Someone needs to write a *Bandwidth* Benchmark.

Here is my thought. We all know the basic techniques that Nvidia, Ati etc uses to increase bandwidth. Fast Z, Heirarchical Z, Frame buffer compresion, Zcompression etc etc etc..

It seems that it would be possible to write a benchmark that gives some sort of real world number gauge of effective bandwidth. Follow me? I am not a programer so i cant really think of the internals that would be required. the program would have to simulate various loads, Types of loads, and written in such a way that the Test would throw both the Best case and Worst case for what each card, and a general test That all cards can handle. Like an AA test that only uses one color so you would get the max Frame compression possible.

This is just an idea, Please fill in the blanks here with other ideas, or ways that a bandwidth benchmark could be written. The program would then have to take the information and translate it into some sort of measurable effective number.
 
Good idea - however, the sad truth of the matter is that people only care about the overall fps scores or how many mad onion marks it can get.

Part to blame is the knowledge of the people who entertain the benchmarks. FPS is all that people want, that is all they get. No one really dives deeper.

It really comes down to people and why should they care, no? On the high end server market we focus on the stream benchmark - sustainable memory bandwidth. Not everything is rosy when you have 32 - 64 or more processors (which is why IBM's servers just took over the tpc/d lead with only 32 cpus vs HP's 64 - Hmm...).
 
Here is my thought. We all know the basic techniques that Nvidia, Ati etc uses to increase bandwidth. Fast Z, Heirarchical Z, Frame buffer compresion, Zcompression etc etc etc..

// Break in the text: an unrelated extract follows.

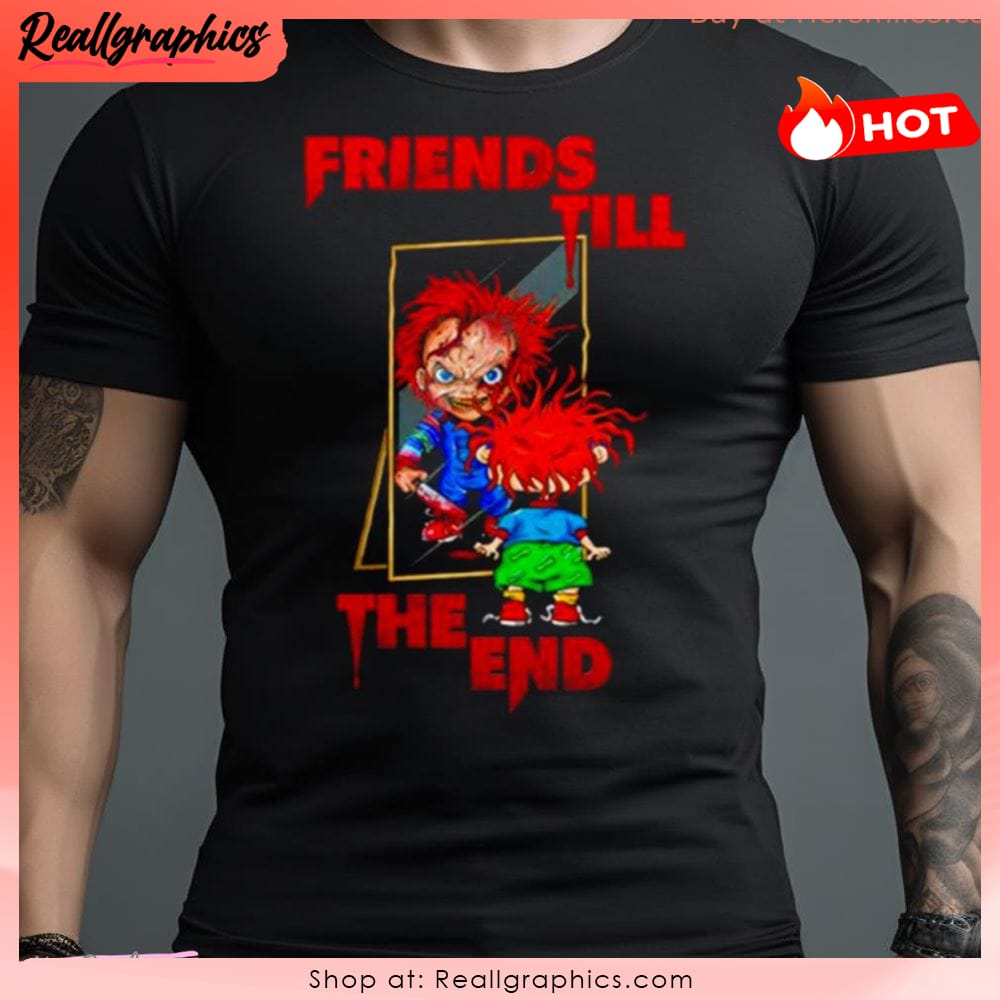 chucky horror friends till the end shirt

These things don't increase bandwidth, they reduce bandwidth use in certain situations.

I think VillageMark and any Fillrate tester can combine to figure out what you want to know. Perhaps some of the D3D demos too, since you can replace textures on some of them (to get the same color everywhere for instance). Run them at 32 bit color and 16 bit to vary the bandwidth used.

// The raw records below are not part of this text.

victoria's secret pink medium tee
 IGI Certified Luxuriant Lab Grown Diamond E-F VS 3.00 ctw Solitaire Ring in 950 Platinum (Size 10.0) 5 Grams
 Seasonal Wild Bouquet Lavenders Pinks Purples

Of course, no benchmark will measure bandwidth if the system isn't bandwidth limited. So cards that are core limited can't measure bandwidth.

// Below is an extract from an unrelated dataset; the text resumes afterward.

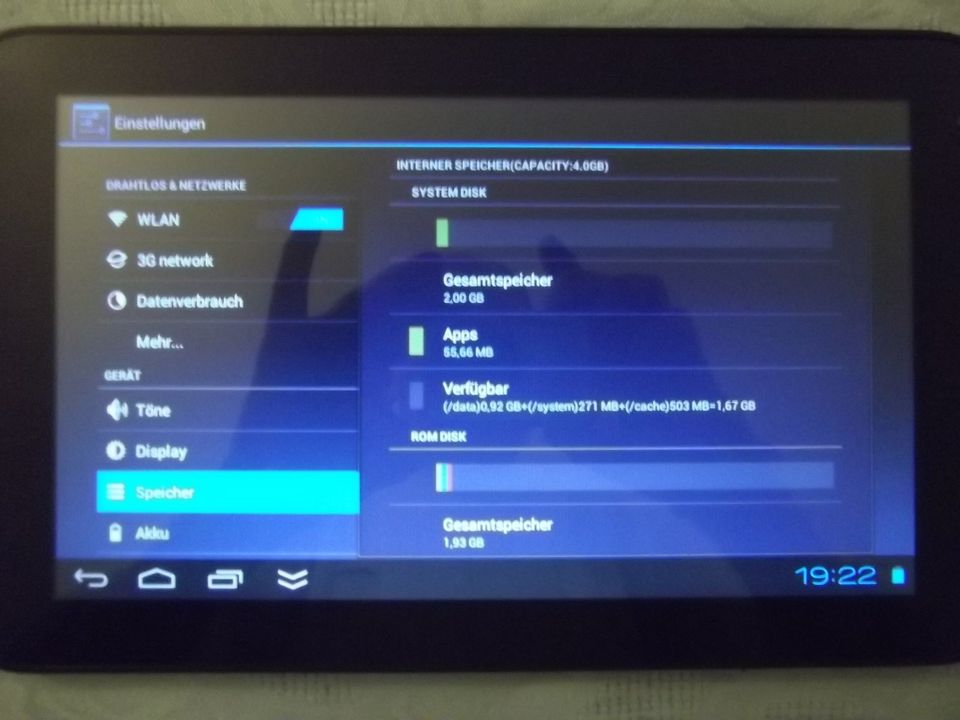 " ARNOVA " 10d GB ANDROID TABLET 10" /  FUNKTIONSTÜCHTIG in Riesa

THere just will never be any benchmark that can find "real world bandwidth use".... only those that can measure some aspect of it on each card (occlusion detection, compression, etc) and only in a limited way.

Underclocking a card's memory and overclocking the core can help some, I suppose.
 
One of the most bandwidth intensive benchmark:

Start 3dmark2001, set the texture format to 32bit, run the single texturing fillrate test.

It's not realistic though as it uses alpha-blending which occurs relatively few places in normal rendering. (Except when multi passing).
OTOH it doesn't do Z-buffering. (Which is almost always enabled).
 
Hellbinder CE said:
Someone needs to write a *Bandwidth* Benchmark.

You mean another synthetic benchmark? I thought you hated those. In any case, I would still prefer games and their various settings to tell the story of bandwidth performance over any synthetic benchmark out there.

saf1 said:
Good idea - however, the sad truth of the matter is that people only care about the overall fps scores

What's so sad about caring for the overall fps score and why would caring for the bandwidth benchmarks be any different/better?
 
Hyp-X said:
One of the most bandwidth intensive benchmark:

Start 3dmark2001, set the texture format to 32bit, run the single texturing fillrate test.
Why is a real bandwidth test? Don't forget there are caches and things involved.
It's not realistic though as it uses alpha-blending which occurs relatively few places in normal rendering. (Except when multi passing).
OTOH it doesn't do Z-buffering. (Which is almost always enabled).
Yes, but there are a lot of optimizations for Z: Z compression, early Z rejection, etc. that don't apply well to alpha blending.

One big issue with "bandwidth" tests is that they aren't always measuring what they think they are measuring: Memory latency can be an issue as well.
 
dksuiko said:
Hellbinder CE said:
Someone needs to write a *Bandwidth* Benchmark.
What's so sad about caring for the overall fps score and why would caring for the bandwidth benchmarks be any different/better?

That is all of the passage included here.